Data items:
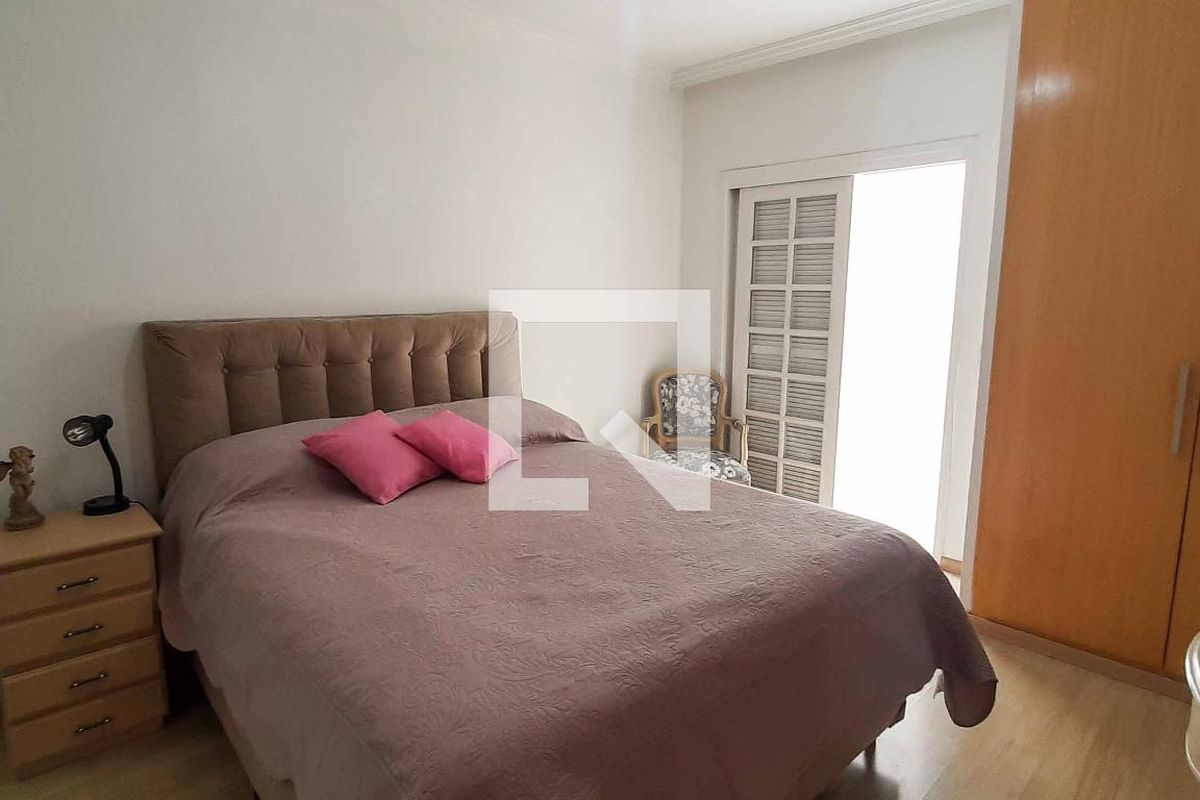 Casa, 3 quartos, 250 m² - Foto 110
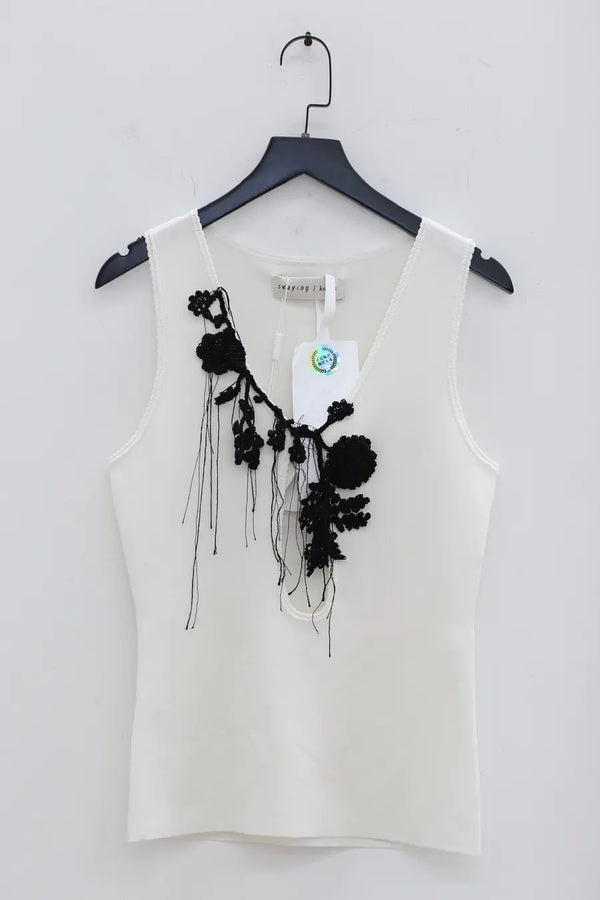 SWAYING/KNIT water drop hollow silk vest SW24SS1T34 white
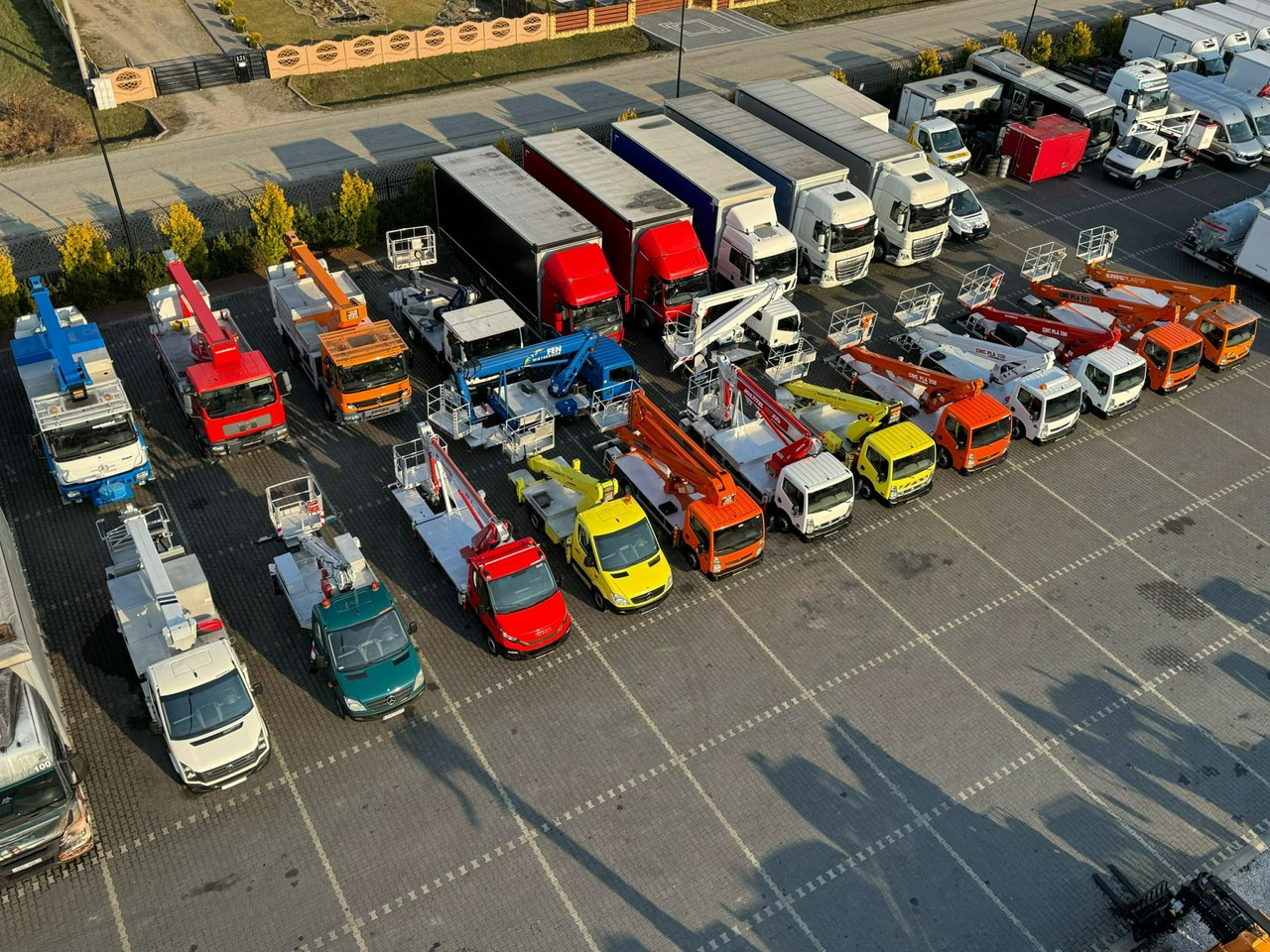 Nissan Cabstar - Podnośnik koszowy w samochody ciężarowe: zdjęcie 5 Nissan Cabstar - Podnośnik koszowy w samochody ciężarowe: zdjęcie 5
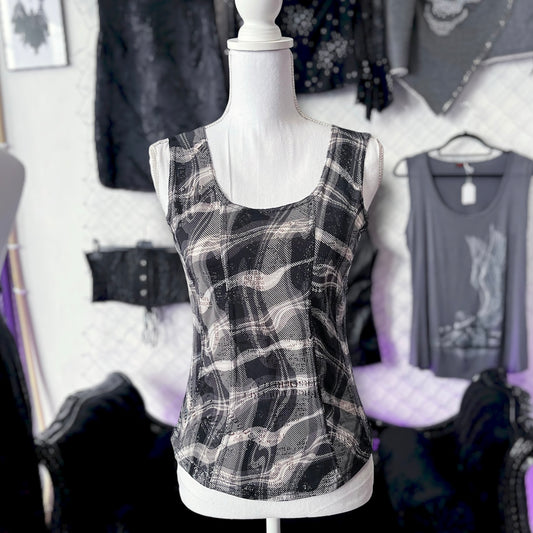 00’s grey/silver top with embossed letter details 🦇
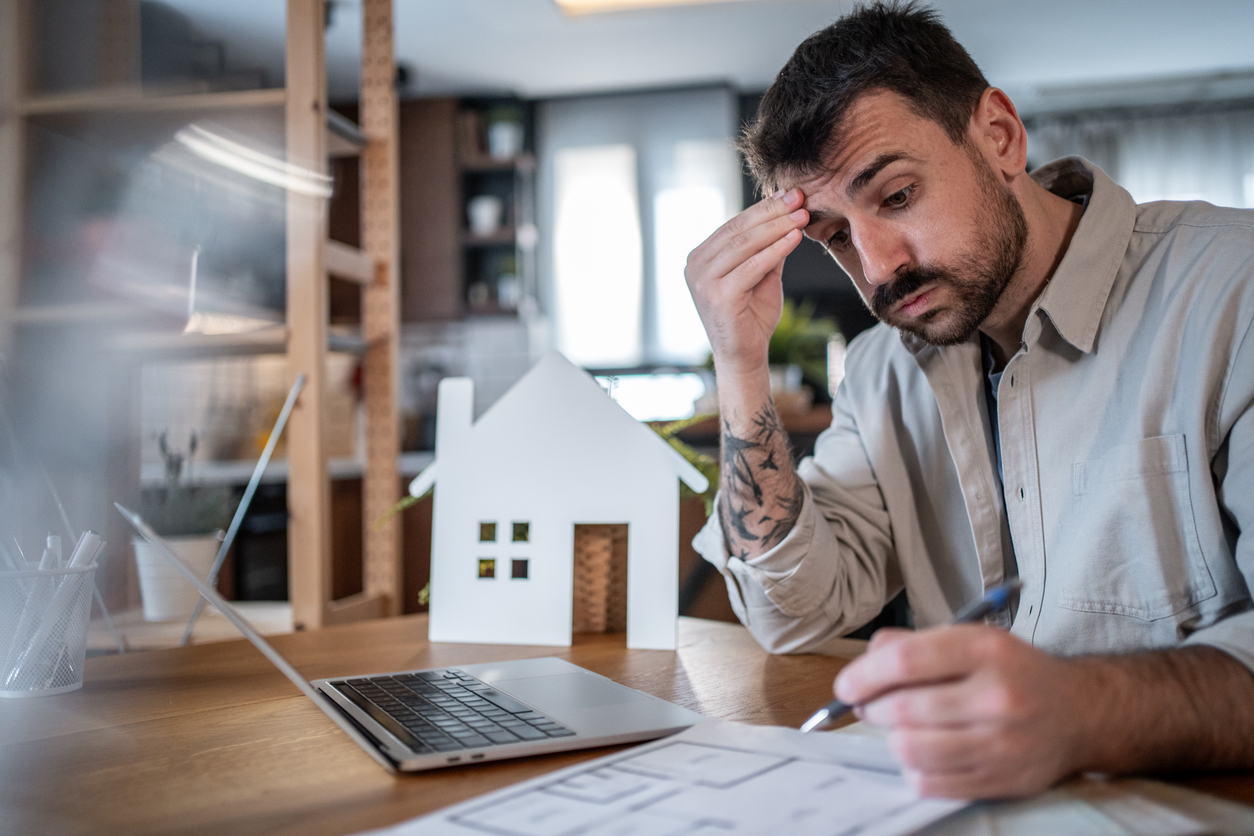 How Hard Is It to Become a Real Estate Agent in Massachusetts? blog post image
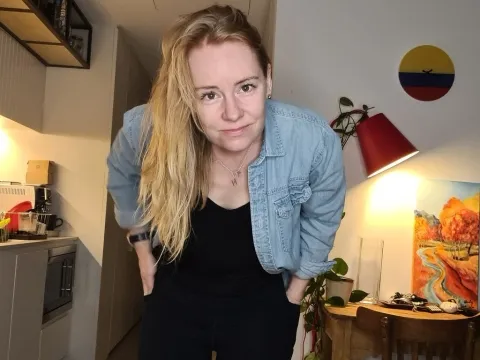 rock bitch model HeyloJesso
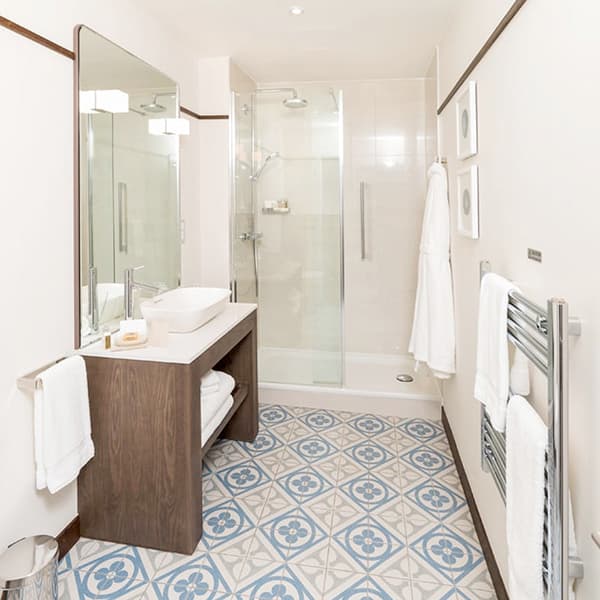 Large Suite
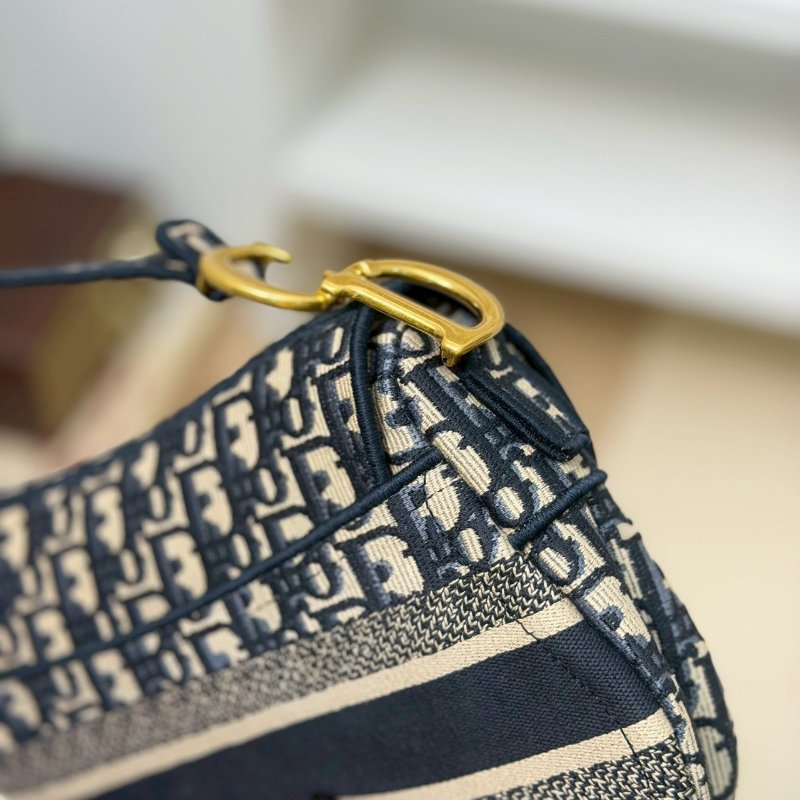 （櫃上半價帶走🫶🏻）🏷️Dior 迪奧．Saddle 刺繡緹花馬鞍包 中號-11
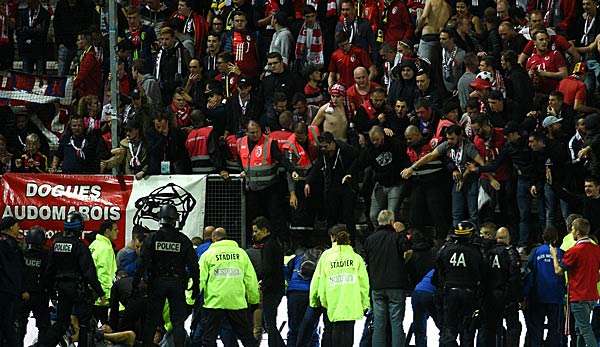 Beim Spiel zwischen SC Amiens und OSC Lille stürzte die Tribüne ein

Instructions for the task: In the records above, find the line containing "How Hard Is". Reproduce it and every line after it through the last line, omitting pictures.

Task output:
 How Hard Is It to Become a Real Estate Agent in Massachusetts? blog post image
 rock bitch model HeyloJesso
 Large Suite
 （櫃上半價帶走🫶🏻）🏷️Dior 迪奧．Saddle 刺繡緹花馬鞍包 中號-11
 Beim Spiel zwischen SC Amiens und OSC Lille stürzte die Tribüne ein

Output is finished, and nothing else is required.